### WHAT TO PRODUCE
Nothing but the lines from the one holding "Almighty Song Lyrics" to the final line of the listing below, both included, should be repeated, and each must match exactly. Omit pictures.

### DATASET RECORDS
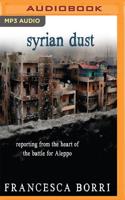 Syrian Dust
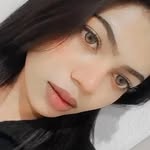 𝑬𝒍𝒊𝒔𝒉𝒂 𝒎𝒂𝒓𝒌 - @pamelamark_ - Instagram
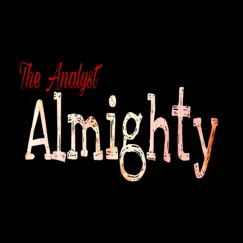 Almighty Song Lyrics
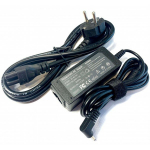 Acer laadija 19 V 2.37 A 45 W, 3.0x1.1 Chromebook 11 13 14 15, Aspire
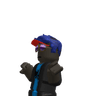 UNBDRACO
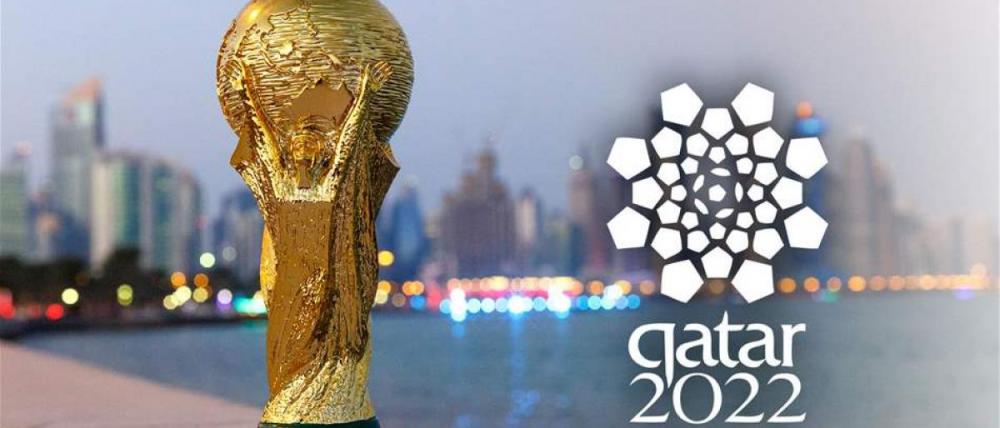 فيفا تتخذ قرارها النهائي حول عدد المنتخبات في مونديال قطر2022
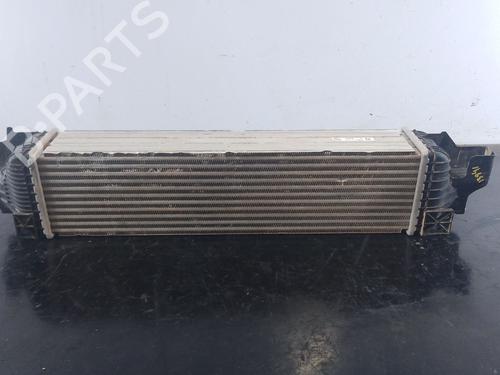 Intercooler MINI MINI (F55) Cooper D (116 hp) 29909656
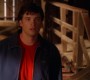 718Smallville1112.jpg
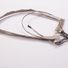 145500085 Lenovo Webcam Cable YOGA 11 yoga 11 (2696)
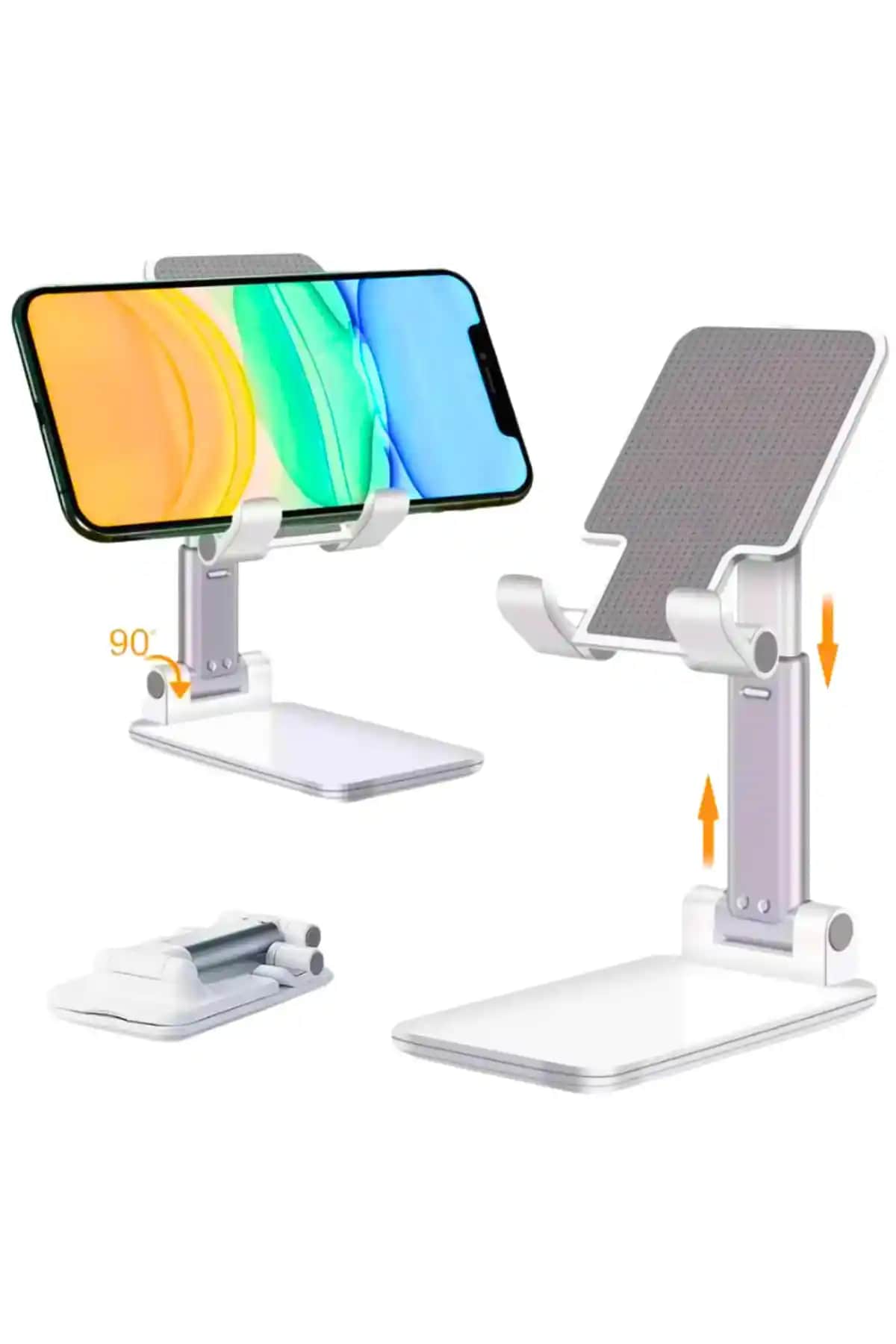 iPhone 11’in Boyutları ve Tasarımı Hakkında Detaylı Bilgi ve Kullanıcı Etkileri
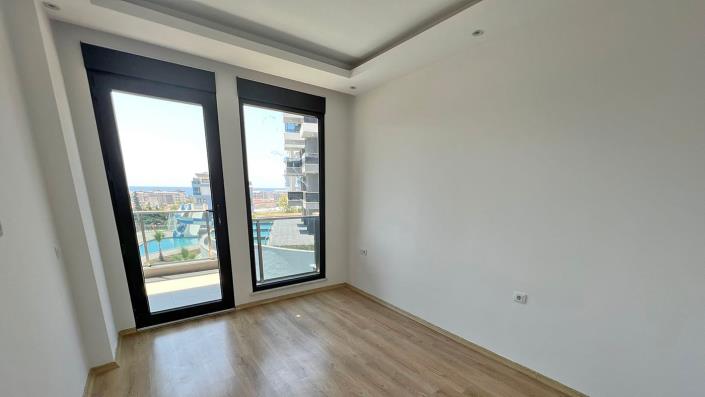 Image No.6-1 Bed Apartment for sale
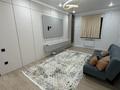 2-комнатная квартира · 50 м² · 5/12 этаж, мкр Шымсити, Туркия 1/10 — Турция за 220 000 ₸ в Шымкенте, Абайский р-н — фото 11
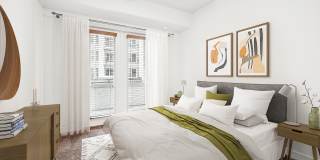 Arrive River Oaks Gallery 4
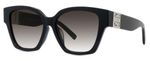 ÓCULOS DE SOL GIVENCHY GV40037F01B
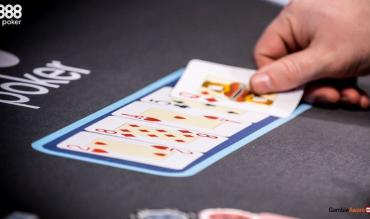 Unpacking All You Need to Know about Ace High Poker!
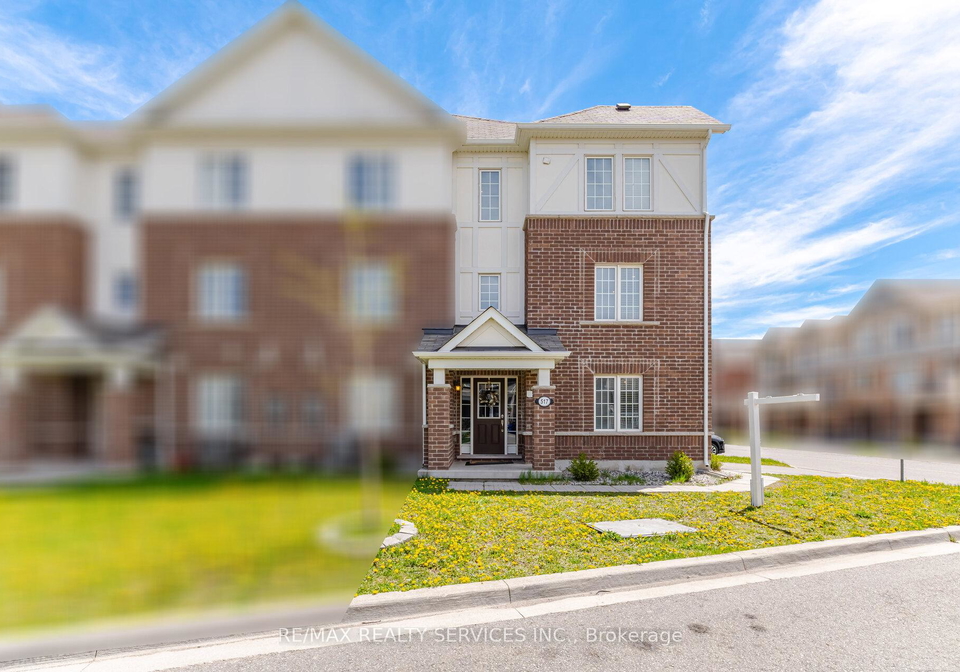 517-allport-gate-milton-ontario-w13138406
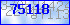 codegrafik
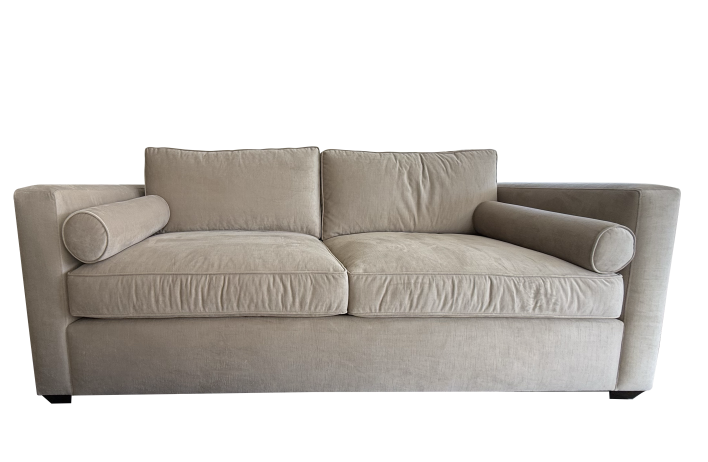 VERSALLES SOFA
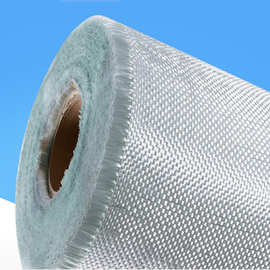 纤维布-增强纤维布-方格纤维布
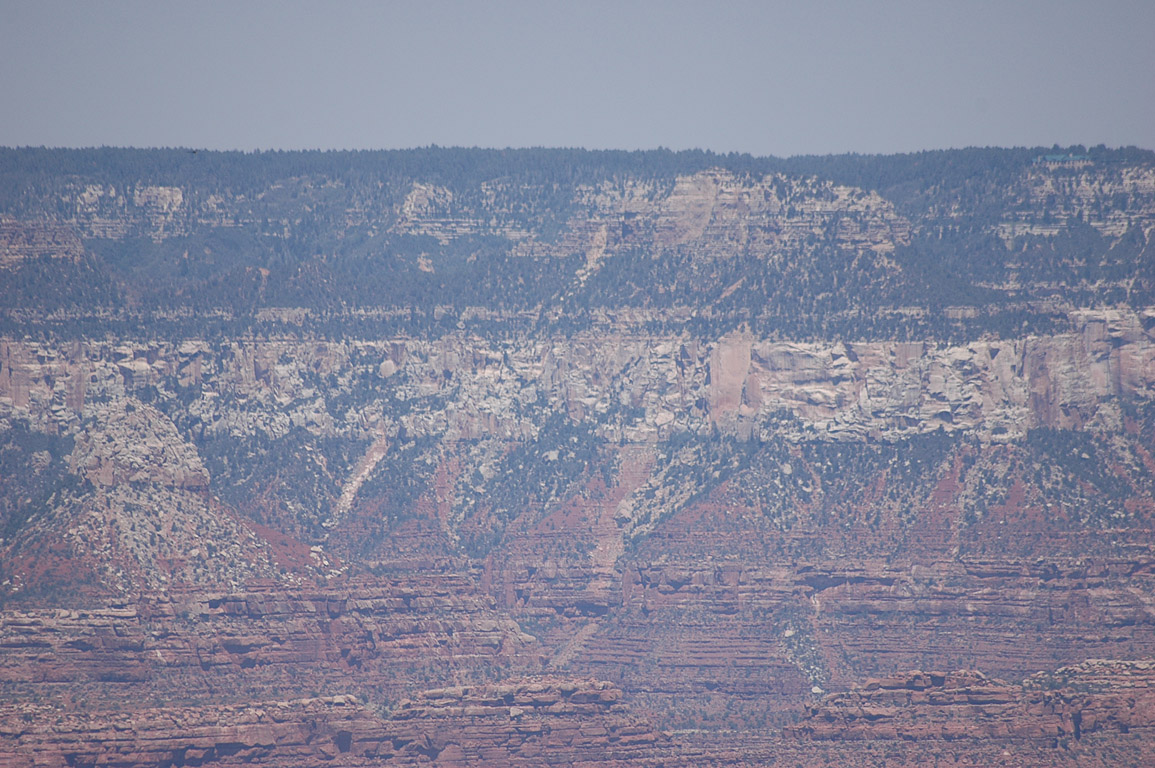 2007_0824_0320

### ANSWER FOR THIS EXERCISE
 Almighty Song Lyrics
 Acer laadija 19 V 2.37 A 45 W, 3.0x1.1 Chromebook 11 13 14 15, Aspire
 UNBDRACO
 فيفا تتخذ قرارها النهائي حول عدد المنتخبات في مونديال قطر2022
 Intercooler MINI MINI (F55) Cooper D (116 hp) 29909656
 718Smallville1112.jpg
 145500085 Lenovo Webcam Cable YOGA 11 yoga 11 (2696)
 iPhone 11’in Boyutları ve Tasarımı Hakkında Detaylı Bilgi ve Kullanıcı Etkileri
 Image No.6-1 Bed Apartment for sale
 2-комнатная квартира · 50 м² · 5/12 этаж, мкр Шымсити, Туркия 1/10 — Турция за 220 000 ₸ в Шымкенте, Абайский р-н — фото 11
 Arrive River Oaks Gallery 4
 ÓCULOS DE SOL GIVENCHY GV40037F01B
 Unpacking All You Need to Know about Ace High Poker!
 517-allport-gate-milton-ontario-w13138406
 codegrafik
 VERSALLES SOFA
 纤维布-增强纤维布-方格纤维布
 2007_0824_0320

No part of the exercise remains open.